If Apple stock closed above a 75% barrier on a quarterly observation date, investors would receive a contingent payment of 3.0625%, otherwise, nothing. If the shares were greater than their initial price on a quarterly determination date, the notes were called.

At maturity, investors received par plus the last coupon if the final price was above the 75% downside threshold level; otherwise, they received a number of Apple shares equal to the principal amount of notes divided by the initial share price or, at Morgan Stanley's option, the cash value of those shares.

Leverage still popular

In volume, the market remained dominated by leveraged structures.

The top structure last week was a leveraged product with no downside protection. With five deals totaling $70 million in this structure type last week, last week's top deal of $50 million accounted for the bulk of these leverage-type deals with full risk exposure.

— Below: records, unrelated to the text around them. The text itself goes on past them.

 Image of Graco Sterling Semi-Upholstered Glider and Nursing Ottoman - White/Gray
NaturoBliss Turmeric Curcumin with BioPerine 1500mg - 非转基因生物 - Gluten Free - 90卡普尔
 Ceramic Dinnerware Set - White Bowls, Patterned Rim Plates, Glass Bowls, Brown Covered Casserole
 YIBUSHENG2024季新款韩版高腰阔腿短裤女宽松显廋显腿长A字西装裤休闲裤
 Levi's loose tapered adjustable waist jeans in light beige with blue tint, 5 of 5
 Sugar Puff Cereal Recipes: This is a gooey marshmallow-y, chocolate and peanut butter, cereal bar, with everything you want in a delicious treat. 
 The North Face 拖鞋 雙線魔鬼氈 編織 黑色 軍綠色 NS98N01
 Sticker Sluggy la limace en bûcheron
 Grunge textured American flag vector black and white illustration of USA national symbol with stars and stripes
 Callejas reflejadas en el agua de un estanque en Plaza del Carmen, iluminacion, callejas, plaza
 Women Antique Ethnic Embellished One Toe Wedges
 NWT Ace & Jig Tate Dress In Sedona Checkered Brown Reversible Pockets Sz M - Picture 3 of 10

Goldman Sachs Group, Inc. priced $50 million of 0% leveraged index-linked notes due Dec. 6, 2013 tied to the S&P 500 index. The upside leverage factor was three times; the cap was 19.47%; and investors were exposed to any losses.

For the year to date, leverage with no protection has declined in volume by 28% and represents 15% of the volume. Leveraged notes with a buffer or barrier have remained flat and make for 21% of the volume.

All asset classes declined last week with the exception of FX due to a larger-than-usual currency-linked note offering also issued by Goldman with JPMorgan acting as a placement agent.

Second in size for the week, Goldman Sachs' $25 million of 0% currency-linked notes due Dec. 4, 2013 linked to the Mexican peso relative to the dollar were part of a series of recent deals built around the Mexican peso and using the same structure, all of which have known some success, according to the data.

Goldman Sachs was the top agent last week with $83 million, or 41.54% of the total, in 14 deals. It was followed by JPMorgan and Morgan Stanley.